— А почему я не видел этой дырки?
— Потому что она заклеена. Ты не умеешь. Заклеивали от таких, как ты, а не от таких, как я…
Потом он вдруг сообщает, что снова появилась опасность. Небольшая опасность, обыкновенная. Очень давно не было совсем, а теперь опять появилась.
Через минуту от фасада дома справа отваливается и рушится балкон третьего этажа. Я быстро спрашиваю Щекна, не уменьшилась ли опасность. Он не задумываясь отвечает, что да, уменьшилась, но ненамного. Я хочу его спросить, с какой стороны угрожает нам теперь эта опасность, но тут в спину мне ударяет плотный воздух, в ушах свистит, шерсть на Щекне поднимается дыбом.
По проспекту проносится словно маленький ураган. Он горячий и от него пахнет железом.
— Что там у вас происходит? — вопит Вандерхузе.
— Сквозняк какой-то… — отзываюсь я сквозь зубы.
Новый удар ветра заставляет меня пробежаться вперед помимо воли. Это как-то унизительно.
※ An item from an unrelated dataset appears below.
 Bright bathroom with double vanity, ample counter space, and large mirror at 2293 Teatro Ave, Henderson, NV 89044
— Абалкин! Щекн! — гремит Комов. — держитесь середины! Подальше от стен! Я продуваю площадь, у вас возможны обвалы…
Щекна сбивает с ног и юзом волочит по мостовой в компании с какой-то зазевавшейся крысой.
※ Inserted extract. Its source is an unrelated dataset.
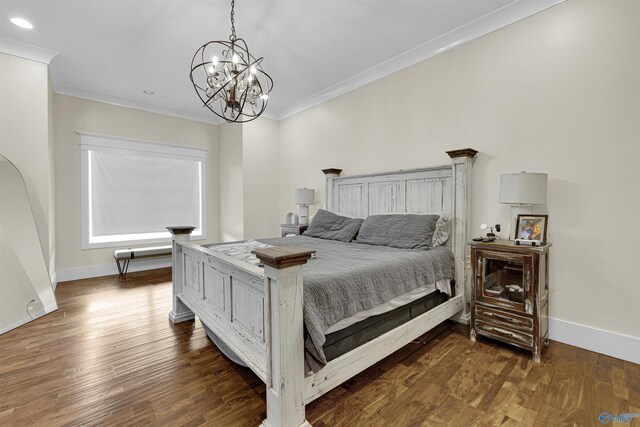 bedroom with crown molding, dark hardwood / wood-style flooring, and a chandelier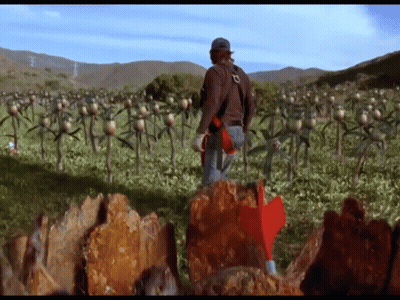 Man In Field With Red Arrow Pointing To Rock GIF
— Все? — раздраженно спрашивает он, когда ураган стихает. Он даже не пытается подняться на ноги.
— Все, — говорит Комов. — можете продолжать движение.
— Огромное Вам спасибо, — говорит Щекн, ядовитый, как самая ядовитая змея.
В эфире кто-то хихикает, не сдержавшись. Кажется Вандерхузе.
— Приношу свои извинения, — говорит Комов. — мне нужно было разогнать туман.
В ответ Щекн изрыгает самое длинное и замысловатое проклятие на языке голованов, поднимается, бешено встряхивается, и вдруг замирает в неудобной позе.
— Лев, — говорит он. — опасности больше нет. Совсем. Сдуло.
— И на том спасибо, — говорю я.
Информация от Эспады. Чрезвычайно эмоциональное описание главного гаттауха. Я вижу его перед собой как живого — невообразимо грязный, вонючий, покрытый лишаями старикашка лет двухсот на вид, утверждает, будто ему двадцать один год, все время хрипит, кашляет, отхаркивается и сморкается, на коленях постоянно держит магазинную винтовку и время от времени палит в божий свет поверх головы Эспады, на вопросы отвечать не желает, а все время норовит задавать вопросы сам, причем ответы выслушивает нарочито невнимательно и каждый второй ответ во всеуслышание объявляет ложью…
Проспект вливается в очередную площадь. Собственно, это не совсем площадь — просто справа располагается полукруглый сквер, за которым желтеет длинное здание с вогнутым фасадом, уставленным фальшивыми колоннами. Фасад желтый, и кусты в сквере какие-то вяло-желтые, словно в канун осени, и поэтому я не сразу замечаю посередине сквера еще один «стакан».